#### Directions for this task
Go through the data underneath and report how many lines hold the string "Floral", giving only the number.

▼

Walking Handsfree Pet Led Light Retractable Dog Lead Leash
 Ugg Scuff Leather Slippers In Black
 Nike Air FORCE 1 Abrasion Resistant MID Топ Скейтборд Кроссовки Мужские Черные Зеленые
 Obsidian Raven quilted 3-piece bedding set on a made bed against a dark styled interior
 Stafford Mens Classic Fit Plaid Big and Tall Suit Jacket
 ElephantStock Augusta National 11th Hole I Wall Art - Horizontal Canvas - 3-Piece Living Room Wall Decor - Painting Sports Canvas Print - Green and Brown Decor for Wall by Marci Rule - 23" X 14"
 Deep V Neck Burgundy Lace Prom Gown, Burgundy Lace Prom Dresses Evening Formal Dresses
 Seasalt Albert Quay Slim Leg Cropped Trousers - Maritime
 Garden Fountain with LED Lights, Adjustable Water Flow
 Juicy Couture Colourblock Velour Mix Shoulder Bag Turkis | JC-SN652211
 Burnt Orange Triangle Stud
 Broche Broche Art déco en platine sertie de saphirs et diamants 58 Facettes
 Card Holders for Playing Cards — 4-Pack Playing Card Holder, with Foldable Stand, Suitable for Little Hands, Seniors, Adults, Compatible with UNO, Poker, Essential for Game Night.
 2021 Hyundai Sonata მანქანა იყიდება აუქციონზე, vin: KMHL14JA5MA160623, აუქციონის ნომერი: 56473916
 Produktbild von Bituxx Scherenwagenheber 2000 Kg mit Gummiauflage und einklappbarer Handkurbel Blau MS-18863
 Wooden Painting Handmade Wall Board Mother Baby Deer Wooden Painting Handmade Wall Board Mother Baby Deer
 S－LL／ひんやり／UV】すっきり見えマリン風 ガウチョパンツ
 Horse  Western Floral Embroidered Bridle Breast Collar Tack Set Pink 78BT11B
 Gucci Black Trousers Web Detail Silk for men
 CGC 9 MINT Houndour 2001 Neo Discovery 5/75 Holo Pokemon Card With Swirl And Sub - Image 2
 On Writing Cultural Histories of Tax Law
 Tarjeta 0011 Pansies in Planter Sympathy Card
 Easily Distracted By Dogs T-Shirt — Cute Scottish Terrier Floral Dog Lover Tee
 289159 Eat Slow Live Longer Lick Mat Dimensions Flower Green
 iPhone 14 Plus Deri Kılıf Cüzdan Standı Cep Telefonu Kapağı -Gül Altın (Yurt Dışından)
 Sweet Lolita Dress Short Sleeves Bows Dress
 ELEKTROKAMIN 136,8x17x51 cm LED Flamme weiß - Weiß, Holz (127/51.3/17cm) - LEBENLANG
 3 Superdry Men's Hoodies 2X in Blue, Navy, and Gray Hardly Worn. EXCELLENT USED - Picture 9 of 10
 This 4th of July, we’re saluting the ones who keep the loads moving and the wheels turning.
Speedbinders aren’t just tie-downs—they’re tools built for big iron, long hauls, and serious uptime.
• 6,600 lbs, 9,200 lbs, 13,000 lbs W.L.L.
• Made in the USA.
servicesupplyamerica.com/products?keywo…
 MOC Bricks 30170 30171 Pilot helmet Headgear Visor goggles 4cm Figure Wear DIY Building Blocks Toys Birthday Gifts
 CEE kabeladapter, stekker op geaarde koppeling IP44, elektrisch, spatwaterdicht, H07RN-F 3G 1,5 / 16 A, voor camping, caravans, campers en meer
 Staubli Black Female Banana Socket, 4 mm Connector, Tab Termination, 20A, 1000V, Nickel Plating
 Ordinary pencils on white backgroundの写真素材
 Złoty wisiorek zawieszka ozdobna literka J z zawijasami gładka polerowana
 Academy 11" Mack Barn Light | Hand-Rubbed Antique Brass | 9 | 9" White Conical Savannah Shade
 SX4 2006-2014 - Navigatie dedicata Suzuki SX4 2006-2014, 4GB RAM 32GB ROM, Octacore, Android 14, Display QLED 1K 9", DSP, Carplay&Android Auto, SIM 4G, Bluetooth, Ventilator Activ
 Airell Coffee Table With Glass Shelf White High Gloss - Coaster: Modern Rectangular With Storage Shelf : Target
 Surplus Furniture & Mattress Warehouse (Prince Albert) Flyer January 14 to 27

▲

#### Solution for this exercise
2